Then, there is the information we haven’t had to deal with before. For this, we have a mind which ponders the information seeking to make sense of it. We describe this as rational thought, and it enables us to solve problems and make decisions we’ve not experienced before.

But there is a problem.

With all that intuitive experience, processing information should be easy. But it’s not. It is hard because we live in a complex world where the only certainty is uncertainty. This force of nature is entropy, and we humans spend most of our lives fighting it.

What it means is that we process information through reasoned thought and intuition. In fact, within your head, a battle rages constantly between these two systems as each grapple to take the lead. Intuition is fast, while rational thought is slow. Thus, each system will look to exploit its strengths when it can.

It certainly makes processing information interesting!

Outcome

At the end of every decision is an outcome.

An outcome is the consequence of the information you assess and the actions that follow. In order to deliver the right actions, it helps if you are aware of the outcome you want to affect. It is a bit like an equation.

Outcome = information + action

I’m wary of this because each of these three elements is unstable and therefore easily changed. Treating any of them as absolute carries significant risk, especially the outcome. The problem is that many of us have high expectations of the outcome, so we tend to focus on it more than we should.

Businesses fall into this trap all the time.

Outcomes become objectives. Forecasts frequently take the desired outcome and paint a picture of the journey. Software exists just for this purpose.

Having the outcome in mind certainly helps, but only because it can help you form the actions you need to take to achieve it.

Actions

With a journey, if the information tells you where you are and the outcome describes your destination, then your actions will explain how you’ll get there.

Actions matter.

In a complex world, we get caught up trying to process information or focusing on the outcome without seeing what we can do. Our actions are critical to achieving a decision. A car journey is incomplete if you don’t travel. A decision without action is no different. It is an incomplete decision and is thus an unmade decision.

The other point about action is this: information and outcomes are theoretical, whereas action is practical.

It is something you do.

Arguably, actions are the least talked about, when they should be the central topic of every choice.

The Foundations of Choice & Why They Matter

“We make our decisions, and then our decisions turn around and make us”—F.W. Boreham

It seems simple to say, but our life is defined by our choices. Every single day, we make thousands of decisions.  All are significant. We might belittle the food we eat, or mock the hours we spend watching TV, or scrolling on social media, but they are all outcomes of our decisions.

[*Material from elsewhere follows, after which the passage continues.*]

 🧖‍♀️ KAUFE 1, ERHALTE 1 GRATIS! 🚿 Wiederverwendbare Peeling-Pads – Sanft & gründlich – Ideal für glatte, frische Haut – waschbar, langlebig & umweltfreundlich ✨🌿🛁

You see, these decisions are so intuitive, that we give them no thought at all.

Strip away the TV, the fridge, and our phones and we are left with three components. Information, outcome, and action. Information comes in many different forms, but simply it gives a view of the events up to and including that moment. Outcomes tell us where or what we want to do. An action merely describes how we will take the information and add to it to give the outcome we want.

Decisions of more importance still bring the same logic.

The difference is in the speed of the decision. Different, or more important decisions take time, as we seek to interrogate the information we have. We select outcomes based on rational motives, most of which we try and understand. It is an action which brings it all together.

Grasping these three foundations of choice gives you an advantage.

Most of us don’t take the time to understand how we make decisions. It explains why so many decisions end up being bad. When you have these three foundations in mind, it allows you to decide effectively. The decision triangle remains strong in the hands of those who know its strength comes from the three sides, each one supporting the other.

The best decisions always focus on information, outcome, and action. The worst decisions exclude one of them.

Decide accordingly.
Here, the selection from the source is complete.